Financial institutions (FIs) that offer financial education to consumers find it helps build confidence, Alexis Castorina, consumer education manager for Early WarningÂ®, said PYMNTS.
âThe more financial institutions can invest in education in general, the more they will build trust and deliver more value to their clients – and keep them as clients,â Castorina said.
Financial literacy has always been important, but during the pandemic it is even more so. Today, the focus is on improving underserved communities, getting people back into the financial system, promoting economic recovery from the pandemic, and creating better protections for consumers against fraud.
âLast year President Biden essentially made a proclamation on national financial capability,â Castorina said. “He called on the public and private sectors to really step up efforts to provide high quality financial education and to do so in a way that better understands and supports the unique needs of different communities.”
Raise awareness and overcome obstacles
Through financial education, consumers can take action to achieve their goals, make better decisions and avoid falling victim to abusive financial practices. An understanding of issues such as basic budgeting and how to build credit sets a good tone for the overall financial life of the consumer.

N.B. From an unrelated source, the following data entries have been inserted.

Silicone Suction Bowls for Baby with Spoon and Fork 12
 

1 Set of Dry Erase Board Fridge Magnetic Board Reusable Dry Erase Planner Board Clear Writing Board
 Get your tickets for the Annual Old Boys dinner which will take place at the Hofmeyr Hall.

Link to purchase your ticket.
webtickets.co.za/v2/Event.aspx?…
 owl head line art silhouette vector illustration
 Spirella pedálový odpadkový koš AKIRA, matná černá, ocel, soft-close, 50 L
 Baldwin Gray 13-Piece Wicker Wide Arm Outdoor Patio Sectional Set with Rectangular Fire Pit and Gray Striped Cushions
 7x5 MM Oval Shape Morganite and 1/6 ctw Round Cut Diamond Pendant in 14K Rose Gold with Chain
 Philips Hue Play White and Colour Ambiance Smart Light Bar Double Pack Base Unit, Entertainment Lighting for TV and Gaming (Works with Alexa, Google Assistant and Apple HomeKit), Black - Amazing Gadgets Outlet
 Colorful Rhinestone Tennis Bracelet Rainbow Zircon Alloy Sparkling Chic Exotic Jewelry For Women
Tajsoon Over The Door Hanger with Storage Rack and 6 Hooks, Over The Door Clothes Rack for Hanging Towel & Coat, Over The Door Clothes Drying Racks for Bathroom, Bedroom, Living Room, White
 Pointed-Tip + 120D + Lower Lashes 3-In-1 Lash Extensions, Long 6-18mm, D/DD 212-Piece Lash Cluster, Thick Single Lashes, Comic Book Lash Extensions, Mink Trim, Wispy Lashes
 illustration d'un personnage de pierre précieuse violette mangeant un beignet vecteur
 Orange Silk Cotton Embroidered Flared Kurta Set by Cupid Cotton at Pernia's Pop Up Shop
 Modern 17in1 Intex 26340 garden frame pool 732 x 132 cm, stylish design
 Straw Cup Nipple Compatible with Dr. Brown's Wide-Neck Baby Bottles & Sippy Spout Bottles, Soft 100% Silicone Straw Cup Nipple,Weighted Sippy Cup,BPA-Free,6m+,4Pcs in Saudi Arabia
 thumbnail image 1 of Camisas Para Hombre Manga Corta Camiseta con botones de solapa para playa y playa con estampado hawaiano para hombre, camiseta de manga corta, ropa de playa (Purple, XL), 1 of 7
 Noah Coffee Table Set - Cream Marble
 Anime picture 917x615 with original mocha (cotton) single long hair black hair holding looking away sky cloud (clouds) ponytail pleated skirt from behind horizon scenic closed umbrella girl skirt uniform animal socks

âAnytime you have that education and understand how the system works and positive behaviors, it can really have a significant effect on your positive results and what that looks like for your financial future,â Castorina said.
While there are benefits to education, there are also challenges to be overcome. On the one hand, while digital is convenient, some people learn best in person. On the other hand, there is no standard program.
Often the first step in overcoming these barriers is to create awareness of the importance of financial education. Many financial institutions partner with influencers to run a financial education campaign and then direct consumers to resources like online learning materials. Ideally, they ask consumers about their goals so that the financial institution can then determine the right place to start.
âIt really depends on where the consumer is in their journey, their level of knowledge of financial capabilities, and then what data the financial institution has in order to essentially set up a learning plan and advise what consumer on what precisely he is looking for, âCastorina said.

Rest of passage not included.